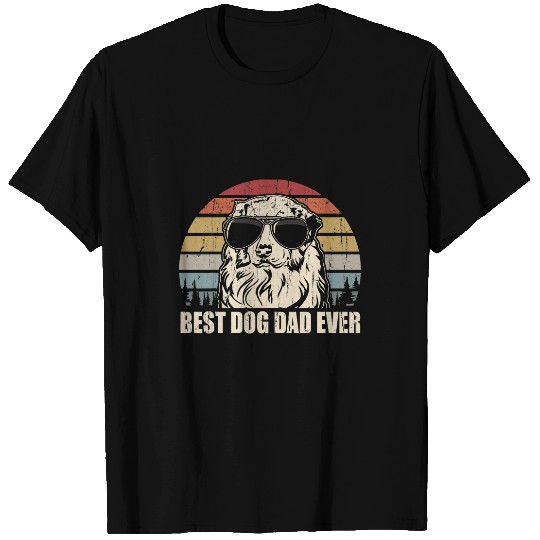 Mens Australian Shepherd Dad bests Dog Dad Ever Funny Vintage T-Shirts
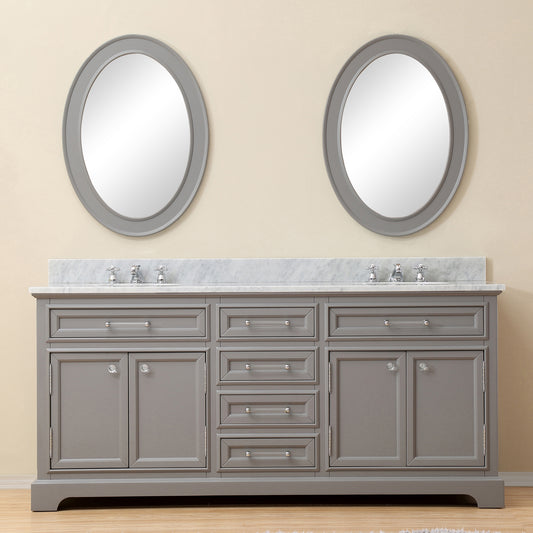 Water Creation 72 Inch Double Sink Bathroom Vanity With Faucet From The Derby Collection - Luxe Bathroom Vanities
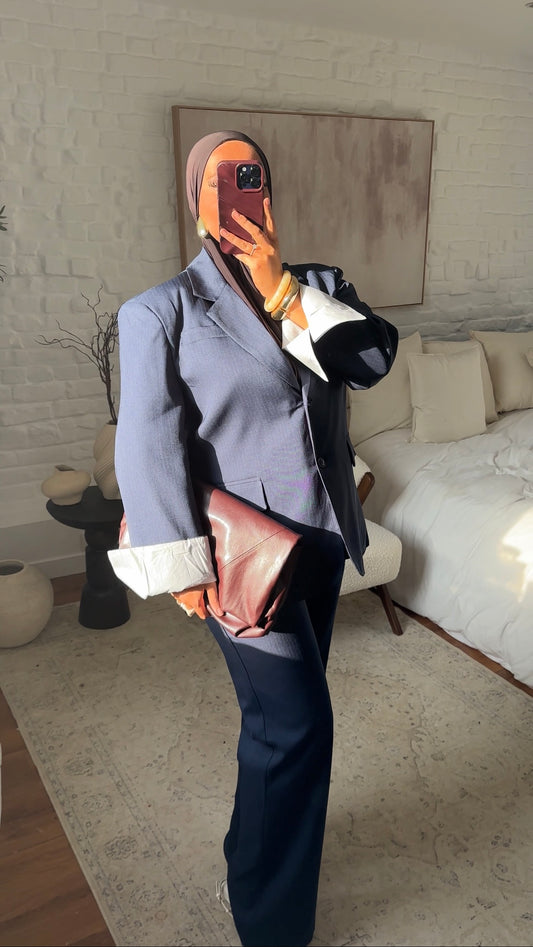 Set blazer oversize rayé et pantalon ultra long rayé oversize droit | Bleu marine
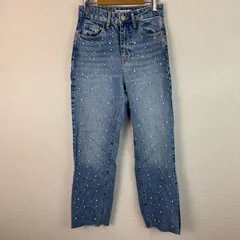 ZARA ザラ デニム パンツ パール装飾 ブルー 34サイズ レディース 古着 ストリート Y2K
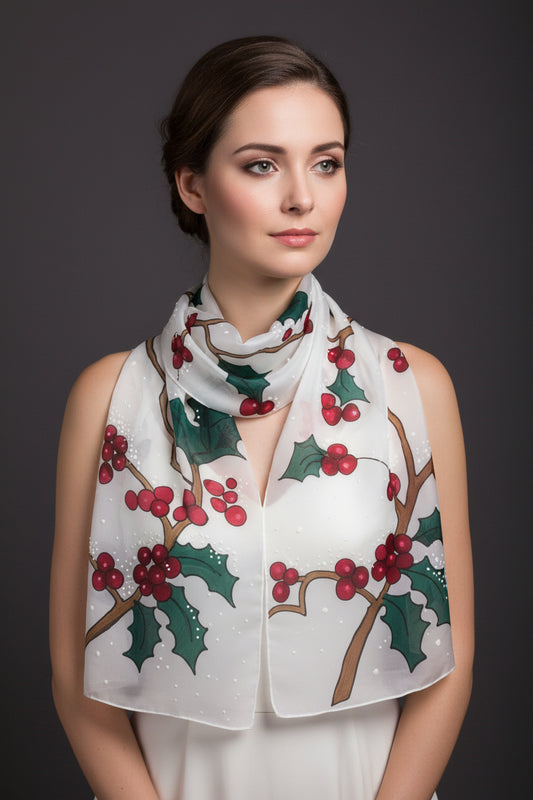 Hand painted Winter scarf, Snowball Winter Bird scarf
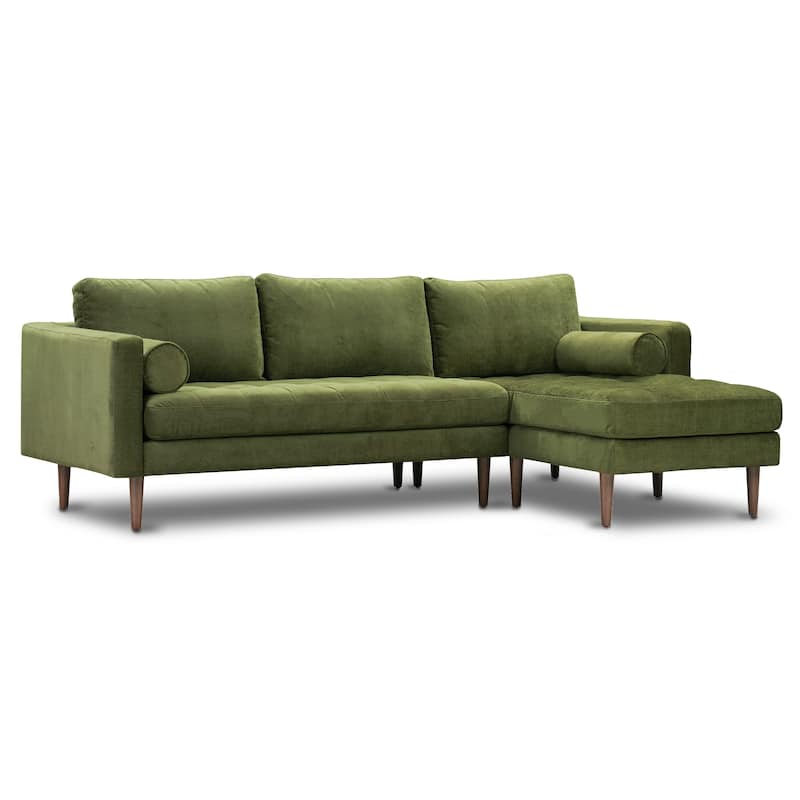 Poly & Bark Napa 104.5" Fabric Right Sectional Sofa - Distressed Green Velvet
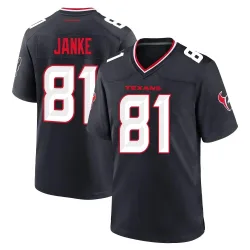Houston Texans Men's Game Navy Team Jersey (81 Jaxon Janke)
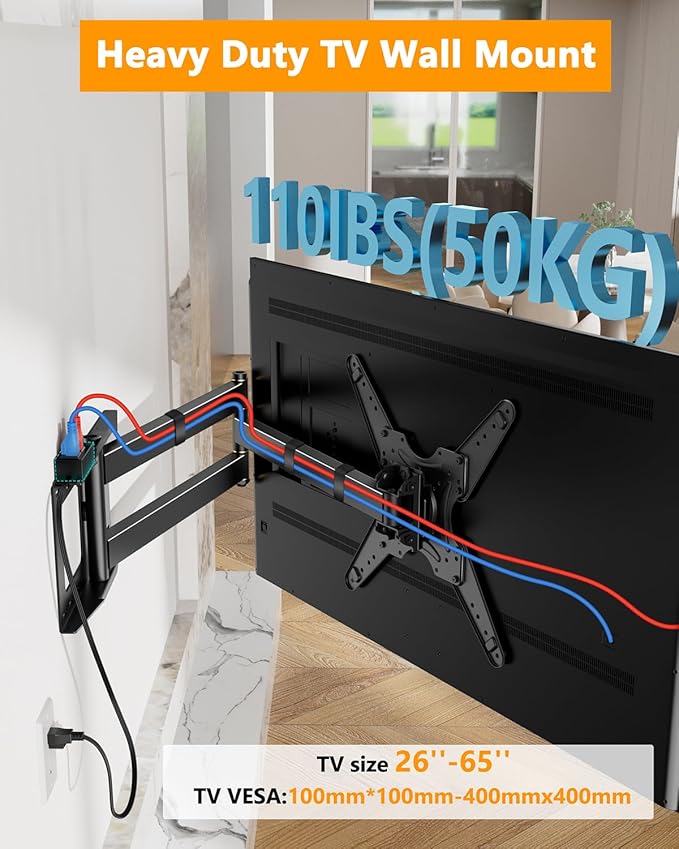48'' Extension Extra Long Arm TV Wall Mount with Power Outlet, Rotating TV Wall Mount 180° Full Motion Heavy Duty for 26''-65'' Screens, VESA 400x400mm, Load 110 lbs, 16''Wood Stud/Concrete/Brick Wall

****************

• Problem to work on: Nothing but the lines from the beginning of the material through the line with "Houston Texans Men's" should appear, printed exactly, with no pictures among them.

• Solution:
 Mens Australian Shepherd Dad bests Dog Dad Ever Funny Vintage T-Shirts
 Water Creation 72 Inch Double Sink Bathroom Vanity With Faucet From The Derby Collection - Luxe Bathroom Vanities
 Set blazer oversize rayé et pantalon ultra long rayé oversize droit | Bleu marine
 ZARA ザラ デニム パンツ パール装飾 ブルー 34サイズ レディース 古着 ストリート Y2K
 Hand painted Winter scarf, Snowball Winter Bird scarf
 Poly & Bark Napa 104.5" Fabric Right Sectional Sofa - Distressed Green Velvet
Houston Texans Men's Game Navy Team Jersey (81 Jaxon Janke)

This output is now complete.